I angsted to my giantesses, who by dint of their girth and height had the stamina to weather my petty frustrations. They cupped me in their palms and whispered lullabies to bring me from a boil to a simmer. When I needed it, they cuffed me with an admonishing fingertip upside my head. They asked me what’s wrong, and I said I feel nothing, and they worried with me.

Then one day, I watched a woman dozing on the bus. She had full lips and long hair, and as her head nodded, I saw a tiny man scrambling over her left breast. He wrapped his fists in her long strands and slowly pulled himself up to her slack jaw. He hooked his arms over her fat bottom lip and hung there, awash in her sleepy breath, legs dangling over her chin. The motion of the bus jostled her head slightly, as he peered between shiny rows of sharpened ivory dismemberment, weighing his odds…

There. I had one story.

Then I was in a cafeteria and a woman slouched in her seat, dully pecking at keys on her laptop. Her pelvis slid forward on her chair, lean and muscular legs in futuristic yoga tights, and between her inner thighs fretted a tiny man. Her hips threatened to shove him off the seat, but if he grabbed onto her crotch to save his life, that might attract unwanted attention…

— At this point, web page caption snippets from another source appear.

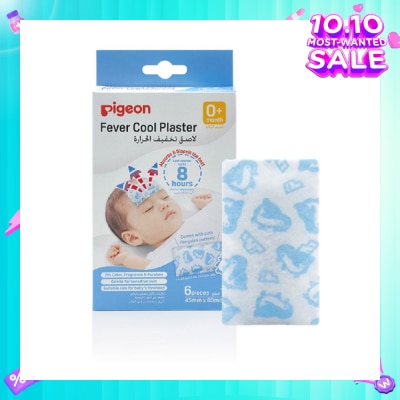 PIGEON Fever Cool Plaster Patch for Baby (Suitable for 0+ months onwards) 6s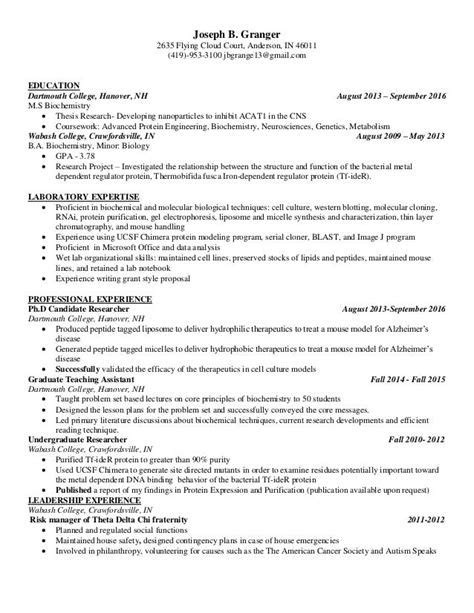 Times New Roman Resume Template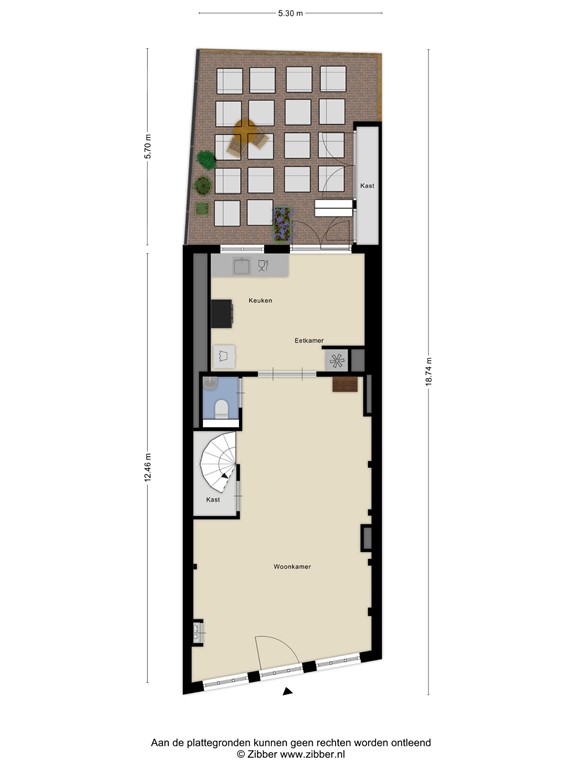 mediumsize floorplan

I doubled the stories in my head, just like that.

With three days left, I secured two straight hours to draw an outline and begin writing. Maybe I wasn’t exactly “back,” but I had material to work on. We’ll see whether May looks any better than April, but at least it’s not over.

2 responses to “GentleApril17”

  1. Glad you pulled it out. Winning would have been cheapened had I not also beaten you. (That’s how I’m supposed to strut, right?)

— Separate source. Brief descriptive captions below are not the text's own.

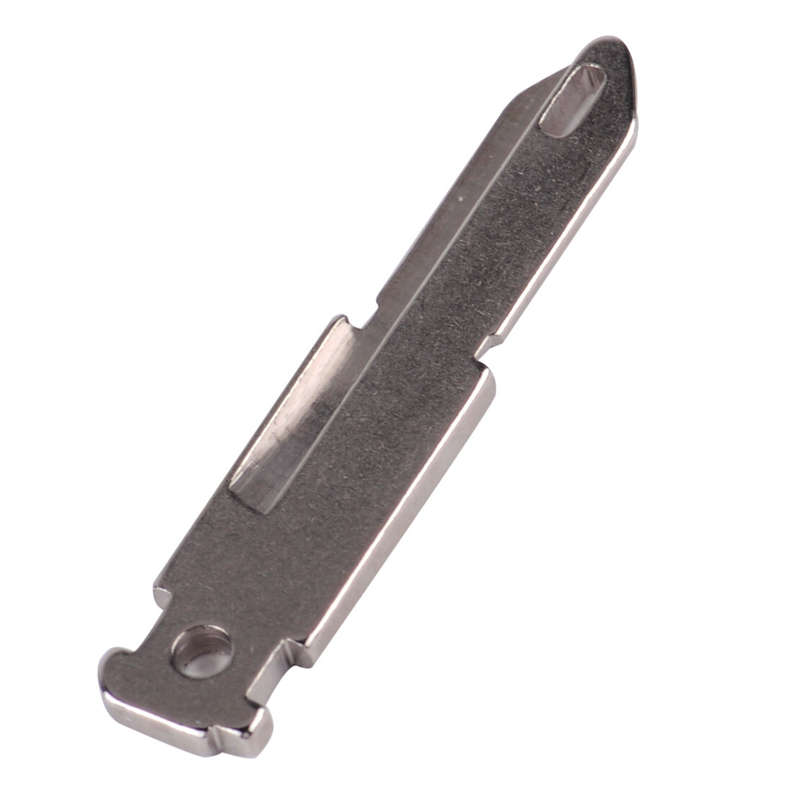 2 Button Remote Key Case Shell Fob with Groove Blade Fit for PEUGEOT 405 106 206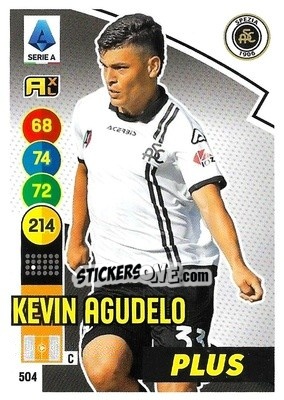 Sticker Kevin Agudelo - Calciatori 2021-2022. Adrenalyn XL - Panini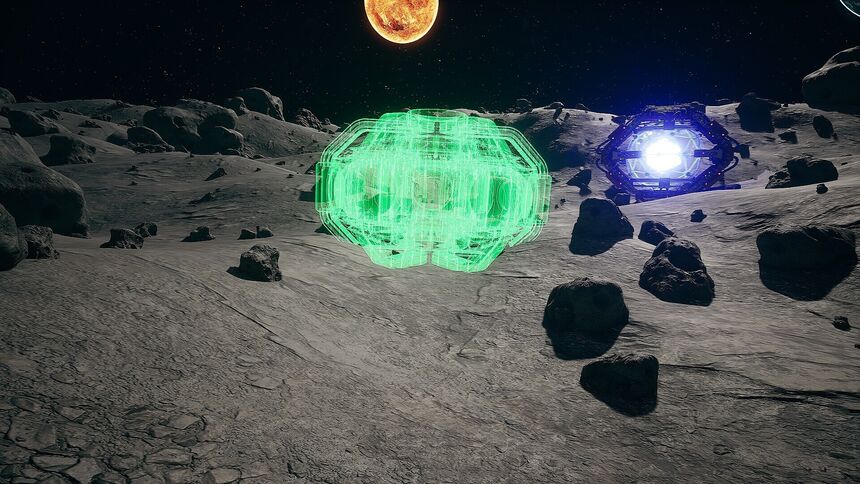Скриншот 5 к игре Grand Emprise: Dyson Sphere Era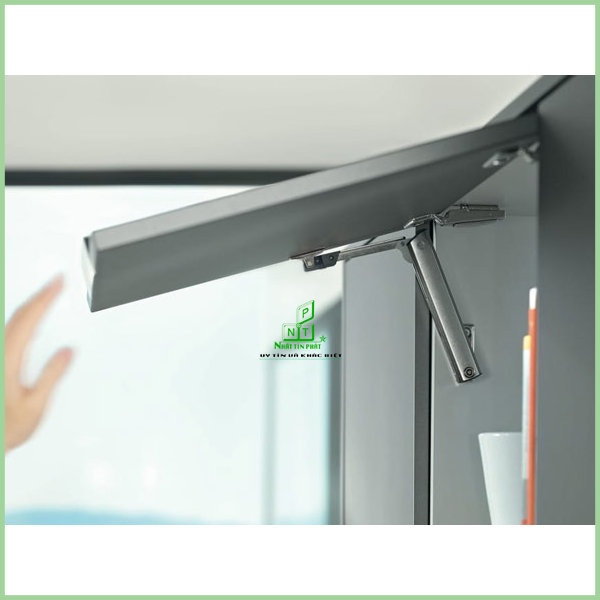 Bộ tay nâng AVENTOS HK-XS tích hợp giảm chấn (một cánh tay) 500 - 1.500 20K1300.39/2356708, 1 bộ | set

    I know what it’s like to draw dead, even at something so primal as stroke fiction. If that spark of cleverness, le mot juste, is missing,then it’s all just embarrassing, spent effort. It’s why I never dared trying to write for a living.

    As much as I’m looking forward to reading the stories, I’m actually hoping for some attempts at constructive criticism. Surely we have the (ahem) critical mass?

    Liked by 1 person

    • I wonder, I wonder if so. This is only the second competition, we’ll see how the third one turns out. (The fourth will be left up to a vote, a random factor that may satisfy few.) And after one year, when we return to CruelJan18, maybe we’ll have an idea of the regular constituency. It’s little problem to get a dozen writers, much harder to find as many readers…

      This is all about personal betterment. Winning’s nice, but the feedback’s what we crave. We get to riddle out whether we know each other’s personal styles, we get to comment on what worked and warn against what didn’t. The writers will all learn something about themselves; the diligent writers will not be defeated by this.